The lines below, from the one containing "Vest Sleeveless Jacket" through the one containing "Negen contouren van", should be set down exactly, with no pictures and nothing else.

++++ Source material

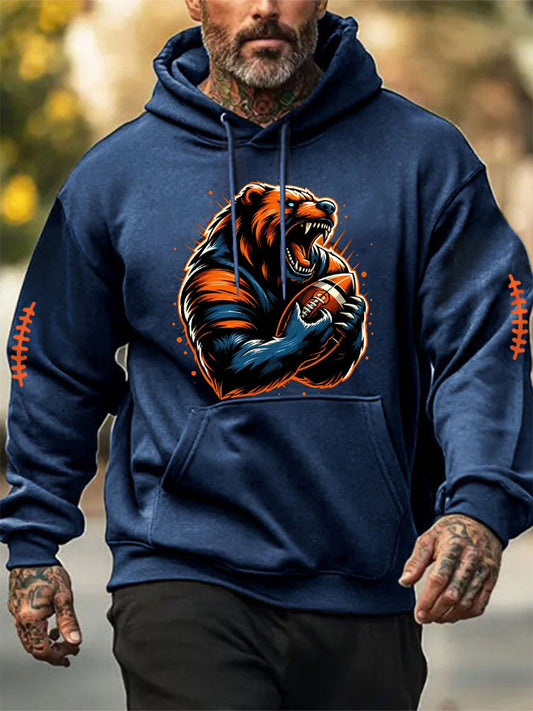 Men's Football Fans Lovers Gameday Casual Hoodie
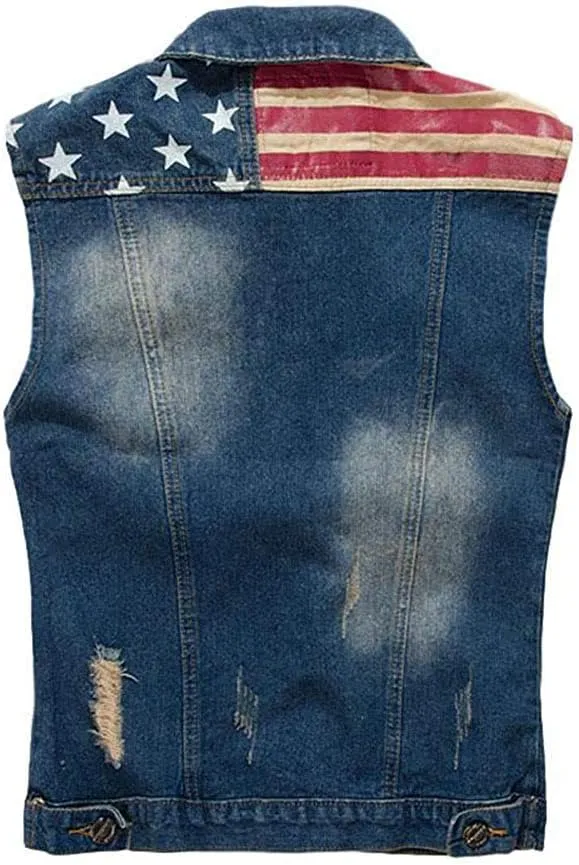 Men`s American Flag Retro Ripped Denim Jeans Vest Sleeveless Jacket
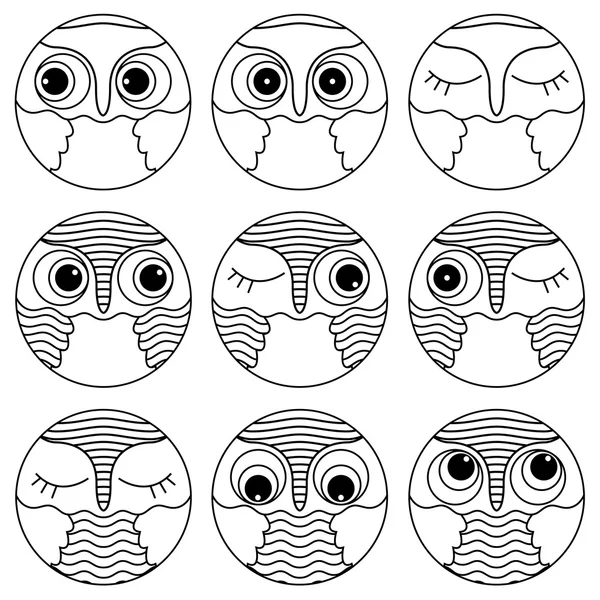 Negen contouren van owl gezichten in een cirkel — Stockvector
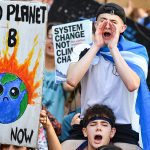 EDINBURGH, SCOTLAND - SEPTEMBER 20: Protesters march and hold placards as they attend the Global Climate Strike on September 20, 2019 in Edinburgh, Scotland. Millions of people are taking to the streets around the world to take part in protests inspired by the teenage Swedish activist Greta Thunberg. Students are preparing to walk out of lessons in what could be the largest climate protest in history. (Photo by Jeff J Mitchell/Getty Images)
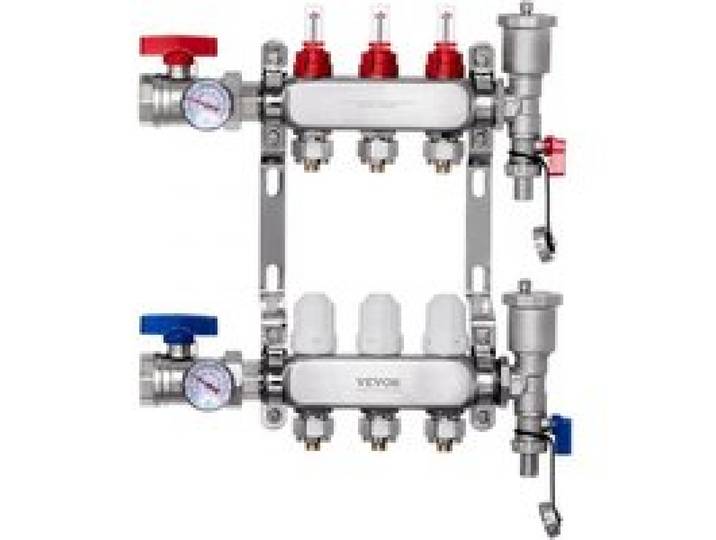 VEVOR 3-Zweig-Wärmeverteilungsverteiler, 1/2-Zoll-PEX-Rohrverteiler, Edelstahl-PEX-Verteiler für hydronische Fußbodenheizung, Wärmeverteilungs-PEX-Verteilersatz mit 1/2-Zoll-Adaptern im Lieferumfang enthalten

++++++++

(Answer box):
 Men`s American Flag Retro Ripped Denim Jeans Vest Sleeveless Jacket
 Negen contouren van owl gezichten in een cirkel — Stockvector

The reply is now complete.